Chinese steel plant worker STR/Getty Images

Protectionism Will Not Protect Jobs Anywhere

As US and European political leaders fret about the future of quality jobs, they would do well to look at the far bigger problems faced by developing Asia. There, the same angst that Americans and Europeans have about the future of employment is an order of magnitude higher.

CAMBRIDGE – As US and European political leaders fret about the future of quality jobs, they would do well to look at the far bigger problems faced by developing Asia – problems that threaten to place massive downward pressure on global wages. In India, where per capita income is roughly a tenth that of the United States, more than ten million people per year are leaving the countryside and pouring into urban areas, and they often cannot find work even as chaiwalas, much less as computer programmers. The same angst that Americans and Europeans have about the future of jobs is an order of magnitude higher in Asia.

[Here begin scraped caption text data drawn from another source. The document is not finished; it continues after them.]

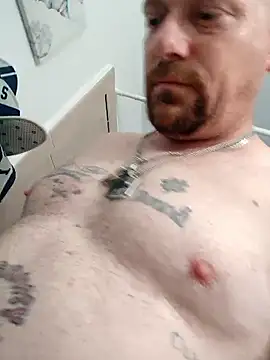 jayjay198080 online show from 6, 1, 2026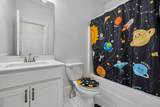 3393 Slayden Marion Rd - Photo 39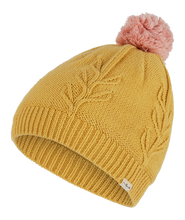 Load image into Gallery viewer, Baby Girls Beanie - Stephanie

Should India aim to follow the traditional manufacturing export model that Japan pioneered and that so many others, including China, have followed? Where would that lead if, over the next couple of decades, automation is going to make most such jobs obsolete?

There is, of course, the service sector, where 80% of the population in advanced economies works, and where India’s outsourcing sector still tops the world. Unfortunately, there, too, the path ahead is anything but smooth. Automated calling systems already have supplanted a substantial part of the global phone center business, and many routine programming jobs are also losing ground to computers.